YOUR OBJECTIVE = The records below must be output exactly, without pictures.

═══ RECORDS SHOWN ═══

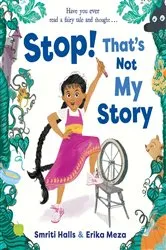 Book cover of Stop! That's Not My Story! by Smriti Halls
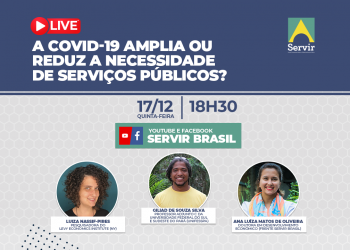 A importância dos serviços públicos durante a pandemia da Covid-19 é o tema da 7ª live da Servir Brasil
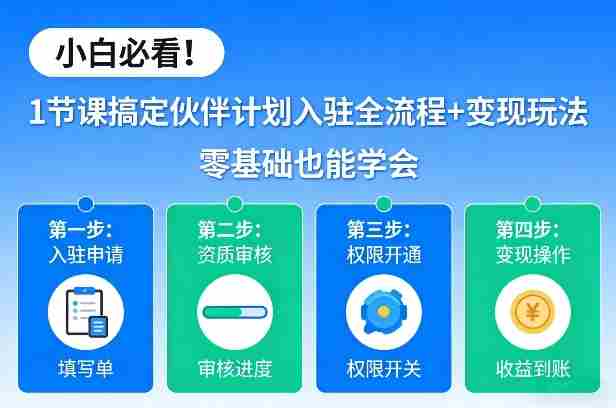 小白必看！1节课搞定伙伴计划入驻全流程+变现玩法，零基础也能学会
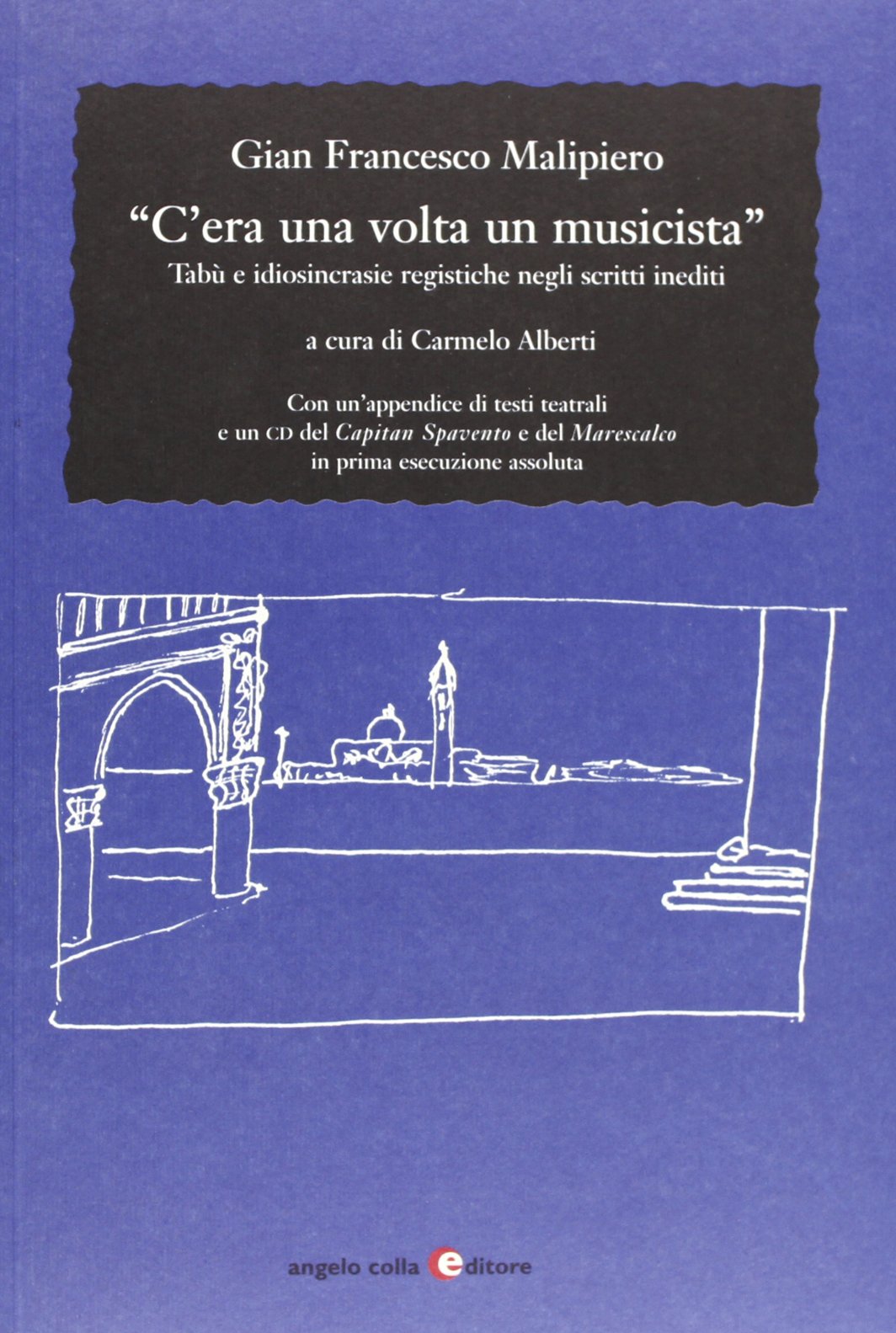 C'era una volta un musicista. Tabù e idiosincrasie registiche negli scritti inediti book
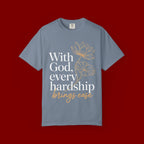 Faith T-Shirt — "With God, every hardship brings ease" Inspirational Christian Tee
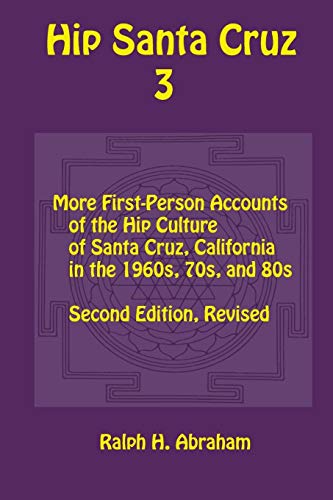 Hip Santa Cruz 3 : First-Person Accounts of the Hip Culture of Santa Cruz in the 1960s, 1970s, and 1980s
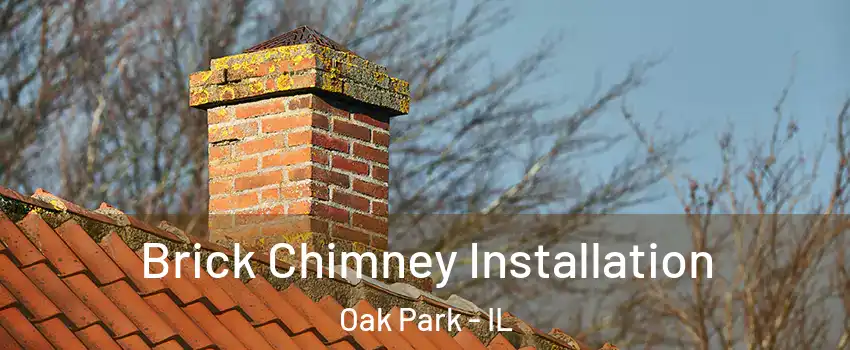  Brick Chimney Installation Oak Park - IL
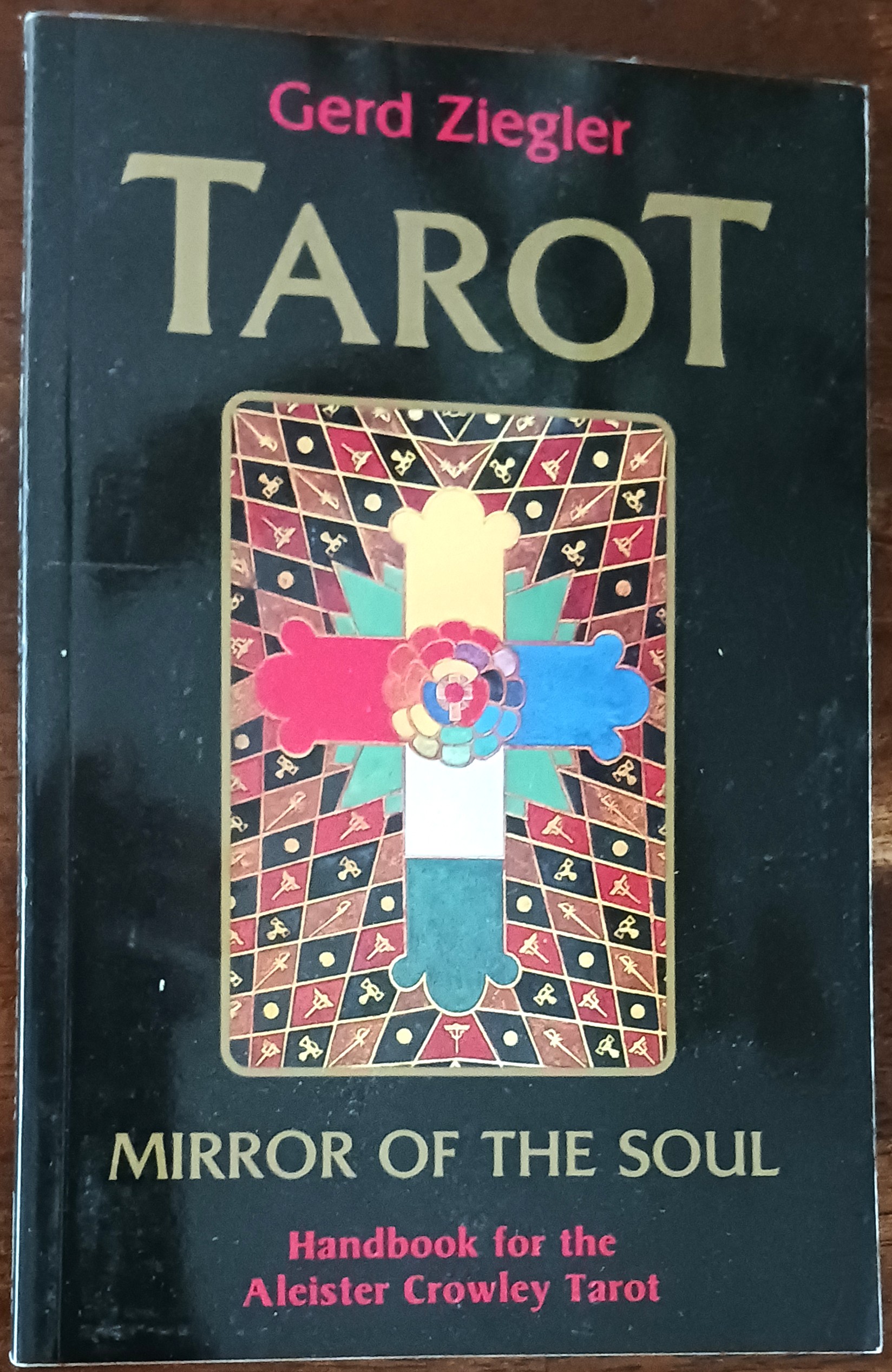 Tarot: Mirror of the Soul. Handbook for the Aleister Crowley Tarot (BOOK ONLY)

═══

OUTPUT OF THE EXERCISE =
 Book cover of Stop! That's Not My Story! by Smriti Halls
 A importância dos serviços públicos durante a pandemia da Covid-19 é o tema da 7ª live da Servir Brasil
 小白必看！1节课搞定伙伴计划入驻全流程+变现玩法，零基础也能学会
 C'era una volta un musicista. Tabù e idiosincrasie registiche negli scritti inediti book
 Faith T-Shirt — "With God, every hardship brings ease" Inspirational Christian Tee
 Hip Santa Cruz 3 : First-Person Accounts of the Hip Culture of Santa Cruz in the 1960s, 1970s, and 1980s
  Brick Chimney Installation Oak Park - IL
 Tarot: Mirror of the Soul. Handbook for the Aleister Crowley Tarot (BOOK ONLY)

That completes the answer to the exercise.